January 13, 2007 |   By a practitioner in Fujian Province, China

(Clearwisdom.net)

Study the Fa Well, Eliminate Fear, and Clarify the Truth Better

For Fa-rectification period Dafa disciples, clarifying the truth and rescuing people is the responsibility of each disciple.

I first held fear when clarifying the truth. Naturally, I couldn’t do it well because of this fear. We Dafa practitioners should firmly remember Teacher’s words, act according to Dafa’s requirements and correct this negative mindset when fear arises to eliminate it. We cultivate among ordinary people, and some still carry ordinary people’s notions, including fear. Some practitioners say, "I cultivate well and I don’t have any fear." However, Teacher separates the part that is well cultivated, while the remaining parts still harbor fear, so we have to continue cultivating ourselves until we achieve Consummation.

Teacher told us to have strong righteous thoughts when we encounter dangerous situations and experience persecution. When we have powerful righteous thoughts and do well, fear will disappear. When we don’t have enough righteous thoughts and do poorly, we won't be able to rid ourselves of fear. During the entire process of truth clarification we need to constantly remove fear. This is a repetitious process in surface dimensions, as a different kind of fear emerges at different levels.

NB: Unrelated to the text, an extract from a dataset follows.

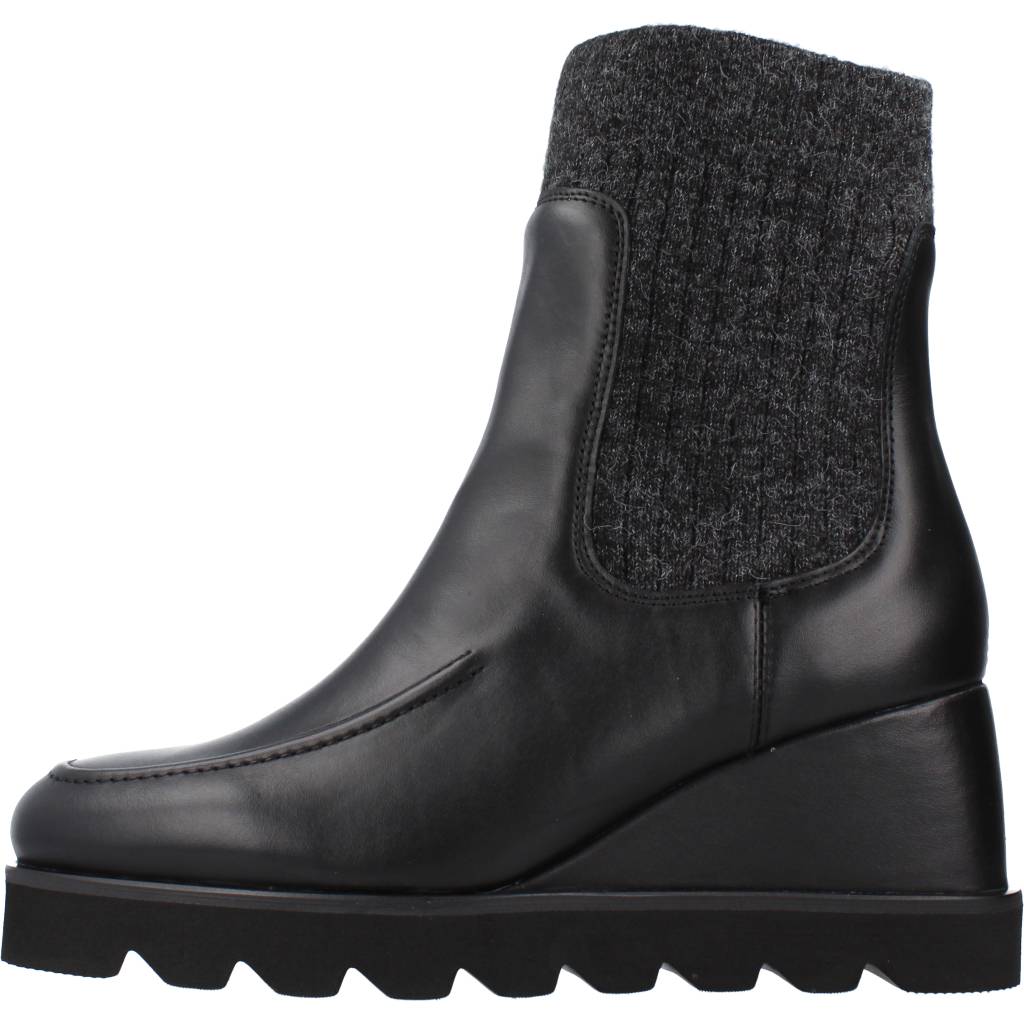 UNISA LEYSA NF en color BLACK  (2)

For Dafa practitioners, fear manifests in various forms under different circumstances. When I first started clarifying the truth, I turned off the computer immediately after I finished using it because I was afraid I would be discovered, arrested, lose my job and many other things. I regarded myself as a cultivator and listened to Teacher’s words. I studied the Fa and strengthened my righteous thoughts, and I continued to clarify the truth. That type of fear has long since disappeared. I am not saying I am completely free of fear, as sometimes when I see police cars in the street I think, "Will they find out about the truth clarification materials? Will the rotten demons take advantage of our gaps and persecute us?"

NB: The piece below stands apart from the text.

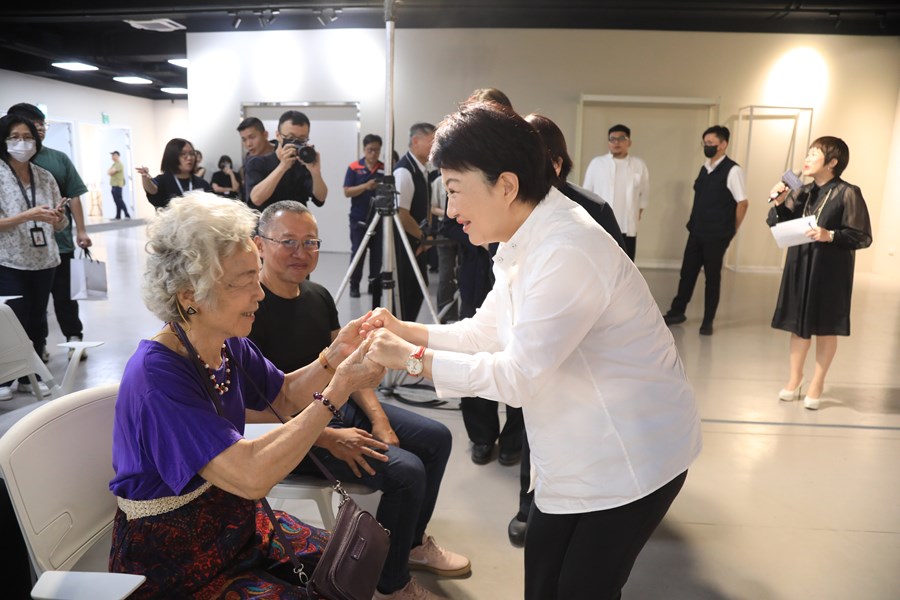 台中市立美術館 精選典藏揭幕記者會--TSAI (13)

Every time before I leave home to distribute truth clarification materials I send righteous thoughts as I do when walking in the streets. I constantly send forth righteous thoughts to eliminate fear. After one trip, I still have fear the next time I hand out flyers. I again send forth righteous thoughts to eliminate the fear. I do it almost every time I clarify the truth, and I strengthen my righteous thoughts and eliminate fear by studying the Fa. After I persisted for a while, my fear was reduced.

I face all kinds of ordinary people in their complex environment when clarifying the truth. Sometimes I think, "It would be great if everyone I talk to could be rescued." But that is impossible, because not everything a Dafa practitioner does can be smooth. Dafa practitioners simply have to clarify the truth in this most complex environment among the most complex people, to rescue those who can be rescued in order to validate Dafa, and build Dafa practitioners’ mighty virtue while at the same time improving ourselves. How can we improve without conflicts ordinary people create?

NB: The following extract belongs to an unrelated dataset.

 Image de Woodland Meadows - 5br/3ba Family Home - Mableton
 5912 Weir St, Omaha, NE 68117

I realized the cornerstone for diligently striving forward during long-term truth clarification is studying the Fa well and having powerful righteous thoughts, thus ensuring a good result in truth clarification. We also need determination to do it continuously. Since we work among ordinary people it is easy for us to slack off and be taken advantage of by the evil. The rotten demons are constantly staring at us and will do bad things to us whenever the opportunity presents itself. If we don’t have enough willpower, if we are not diligent enough or if we slack off a little, the evil will interfere and persecute us.

For a while I thought I did a good job clarifying the truth. I sent truth clarification materials on the Internet and distributed materials in my neighborhood. I clarified the truth face-to-face to family, to relatives and colleagues. My superiors once talked to me, because I had logged on to the Minghui/Clearwisdom website during working hours, but I seized the opportunity to clarify the truth to them.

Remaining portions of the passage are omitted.